Human health and livelihoods often intersect with the activities of insects. Using a foundation in insect behaviour, ecology and physiology, Prof. Weldon's research aims to address these interactions, whether negative or beneficial, with a focus on flies but also insect pests of horticulture. By doing so, he contributes to improved and sustainable production of nutritious food and to improve plant, human and animal health and wellbeing.   

Prof. Weldon and his students pursue projects on the traits that make fruit flies destructive and invasive pests; the behaviour and movement of fruit flies that damage our fruit for consumption and exports; the biology and management of mosquitoes and other blood-feeding flies that affect human and animal health; and the use of flies for bioconversion of organic waste to promote a sustainable, circular economy. For example, collaborative research pursued over the past 18 months has developed practical interventions that can be used by hotels to reduce mosquito abundance, the nuisance of mosquito bites and the potential spread of diseases. Such practical interventions will improve the experience of hotel guests and encourage tourism.

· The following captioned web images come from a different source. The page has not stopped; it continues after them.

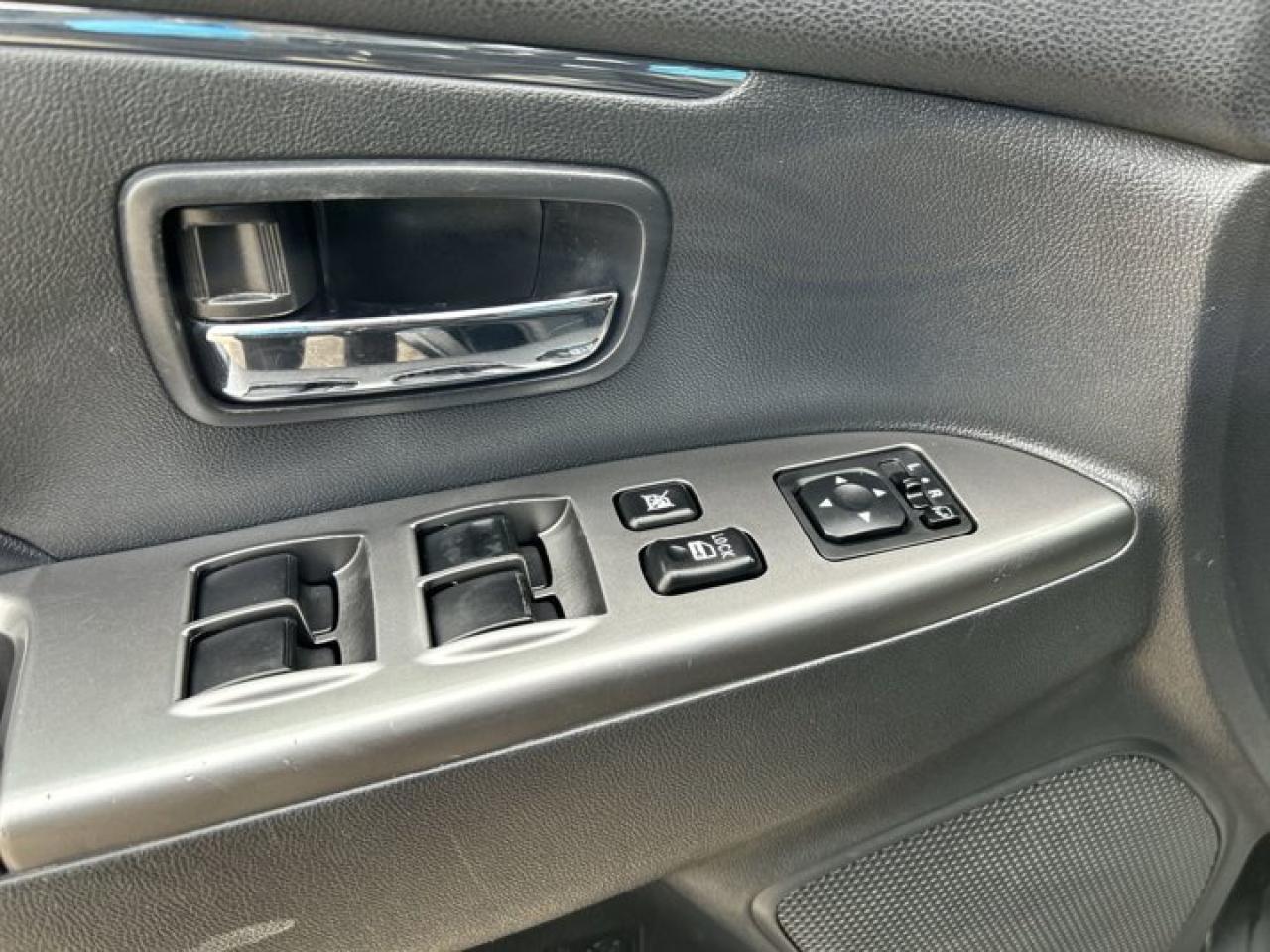 2021 Mitsubishi RVR SEL AWC | Panoramic Roof | Leather Seats | Heated Seats Photo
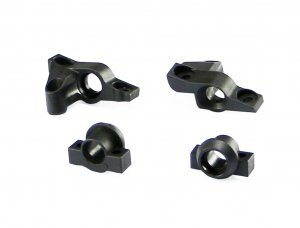 Bearing bushing antiroll bar FR/RR (2+2) S988 (SER903691)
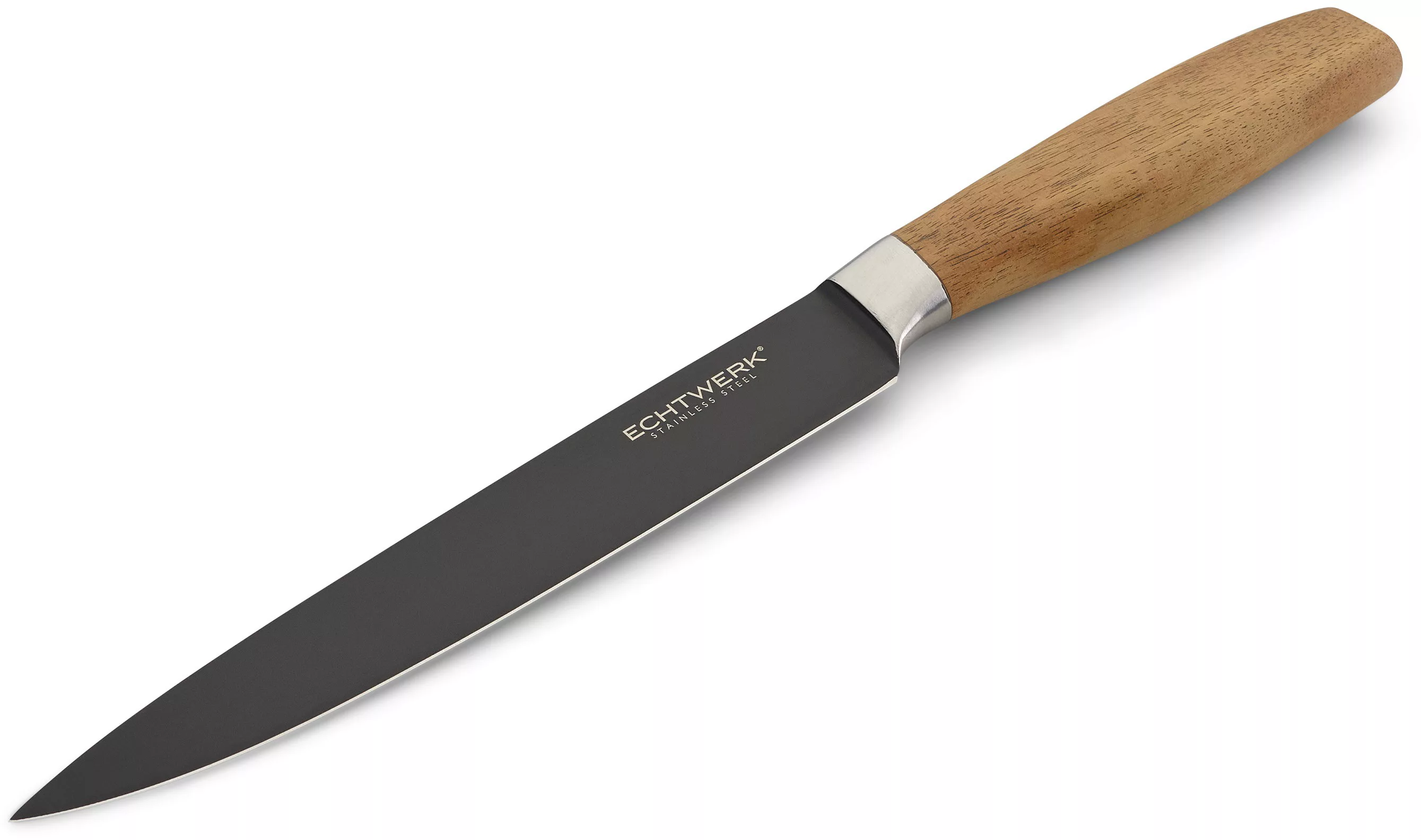 ECHTWERK Fleischmesser »Classic«, (1 tlg.), aus hochwertigem Stahl, Akazien günstig online kaufen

Prof. Weldon and his group have also done research on how body condition and environment affect fruit fly attraction to lures and movement in the field; the diversity, abundance, and damage caused by thrips in avocado and macadamia orchards; and how to improve surveillance of invasive pests of citrus. All this work is being done in partnership with South African horticulture industries as well as international organisations to improve the productivity and competitiveness of South African horticulture.